| data-engineering / kubernetes / python / building

Building a data platform with dbt, Dagster, and ArgoCD

How I built an ELT data platform for 100k+ IoT devices: Dagster for orchestration, dbt for transforms, Sqitch for migrations, ArgoCD for GitOps deployment, and PII-safe extraction from five API shards.

The problem

At Vilisto we operate 100k+ smart thermostats across hundreds of customers. The operational systems (five backend shards, a battery database, ML evaluation pipelines) each hold a piece of the picture, but none of them are built for analytics. Getting a simple answer like “how many devices went offline per firmware version last week” meant writing one-off scripts against production APIs.

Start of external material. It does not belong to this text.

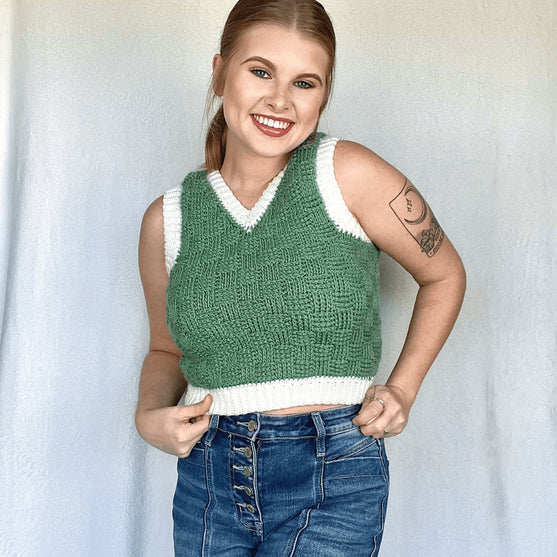 

Picnic Perfect - Top
1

I built a data platform to fix that: extract from all sources, load into a warehouse, transform with dbt, visualize in Grafana, deploy via ArgoCD.

Architecture

The platform follows the ELT paradigm with a medallion architecture (bronze/silver/gold):

Operational Systems (5 API shards, MinIO, Battery DB)
    ↓
[Extract + Load] Dagster assets → PostgreSQL `raw` schema (bronze)
    ↓
[Transform] dbt models: staging views (silver) → mart tables (gold)
    ↓
[Visualize] Grafana dashboards

Five layers, each with a clear job:

  1. Sqitch: manages the raw schema. Migrations run as a Kubernetes init container before the main app starts.
  2. Dagster: orchestrates extraction and loading. Each source is a Dagster asset with its own schedule.
  3. dbt: transforms raw JSONB into typed, indexed tables. Staging models flatten and deduplicate, mart models join and index for query performance.
  4. Helm + ArgoCD: declarative deployment. Schema migrations, secrets, and the Dagster webserver are all defined in Helm templates.
  5. Grafana: dashboards that query the mart tables directly.

Extraction: five shards, PII-safe

The trickiest part of extraction is that Vilisto’s backend is sharded across five instances. The API client authenticates against each shard and yields data per customer:

BACKEND_SHARDS = [
    "backend-1.example.com",
    "backend-2.example.com",
    "backend-3.example.com",
    "backend-4.example.com",
    "backend-5.example.com",
]

Each extraction asset follows the same pattern: call the API, strip sensitive fields, upsert into the raw schema. PII handling is allowlist-based, not blocklist-based. Only whitelisted configuration parameters make it into the warehouse:

CONFIGURATION_PARAMETERS = [
    "userSetTemp", "batteryRemainingDays",
    "heatingMode", "firmwareTarget",
    # ... ~10 more fields
]

Sensitive fields are explicitly dropped at the source. If a new field appears in the API response, it never reaches the warehouse unless someone adds it to the allowlist.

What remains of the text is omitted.